Yes. And we are actively searching for these systems, e.g., with the Pulsar timing array and "soon" with instruments like SKA.
From the Astro2020 Science White Paper on Fundamental Physics with Radio Millisecond Pulsars:
A broad class of alternative theories invoke mediation of gravity through both tensor and scalar fields, whereas general relativity relies strictly on a tensor-field description. A key prediction from tensor-scalar theories is dipolar gravitational-wave radiation in compact binary systems with large differences in component binding energies (Eardley, 1975).
Future improvements to tensor-scalar tests will also come in the discovery of pulsars tightly orbiting stellar-mass black holes. Shao & Li (2018) recently estimated that a small but detectable pulsar/black-hole binary population – between 3 to 80 such systems – resides within the Galactic. disk
And about super-massive black holes:
A key science goal for future radio-astronomical observatories is the discovery and timing of radio pulsars in orbit around the supermassive black hole residing in the center of the Milky Way galaxy (e.g. Bower et al., 2018). Recent projections have shown that an entirely new class of tests can be achieved with pulsar/black-hole orbits shorter than 1 yr in period, even if only one pulsar is discovered and yields low timing precision (Liu et al., 2012).
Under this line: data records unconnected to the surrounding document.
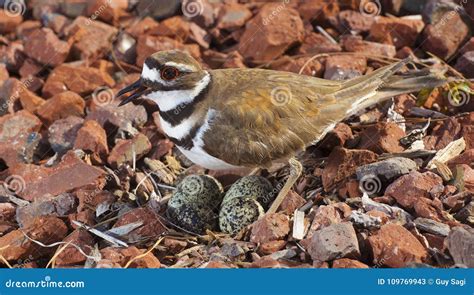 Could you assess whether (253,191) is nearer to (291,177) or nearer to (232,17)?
(291,177)

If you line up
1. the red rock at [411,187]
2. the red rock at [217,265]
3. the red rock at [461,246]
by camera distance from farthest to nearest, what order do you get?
the red rock at [411,187] → the red rock at [217,265] → the red rock at [461,246]

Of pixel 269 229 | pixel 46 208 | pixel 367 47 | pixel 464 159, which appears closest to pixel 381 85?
pixel 464 159

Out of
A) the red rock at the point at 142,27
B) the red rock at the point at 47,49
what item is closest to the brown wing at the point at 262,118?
the red rock at the point at 142,27

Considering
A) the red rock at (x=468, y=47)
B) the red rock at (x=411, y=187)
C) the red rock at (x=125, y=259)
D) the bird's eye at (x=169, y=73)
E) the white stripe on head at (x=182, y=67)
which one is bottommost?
the red rock at (x=125, y=259)

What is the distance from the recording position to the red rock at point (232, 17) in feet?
24.7

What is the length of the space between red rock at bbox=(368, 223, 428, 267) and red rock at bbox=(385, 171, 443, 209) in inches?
16.2

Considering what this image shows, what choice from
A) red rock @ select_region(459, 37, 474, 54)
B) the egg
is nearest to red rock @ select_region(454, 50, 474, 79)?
red rock @ select_region(459, 37, 474, 54)

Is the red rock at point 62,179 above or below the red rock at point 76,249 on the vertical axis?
above

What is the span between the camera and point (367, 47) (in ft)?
22.9

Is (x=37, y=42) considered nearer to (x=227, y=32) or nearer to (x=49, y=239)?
(x=227, y=32)

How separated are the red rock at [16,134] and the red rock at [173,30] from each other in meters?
1.58

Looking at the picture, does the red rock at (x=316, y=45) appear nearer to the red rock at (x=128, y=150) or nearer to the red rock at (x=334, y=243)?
the red rock at (x=128, y=150)

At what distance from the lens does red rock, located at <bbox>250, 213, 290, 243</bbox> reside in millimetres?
4980

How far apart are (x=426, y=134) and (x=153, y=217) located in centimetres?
227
These tests will directly probe mass and spin properties of the Galactic-centre black hole, as well as the validity of the storied “nohair” theorem (e.g. Will, 2008) with measurements of mass, spin and the quadrupole term of its gravitational potential.
So, you see, these source will be great for testing GR in general and studying the structure of BHs (or whether there is any) in particular.
Btw, such gravitational time delays, are often called Shapiro delay .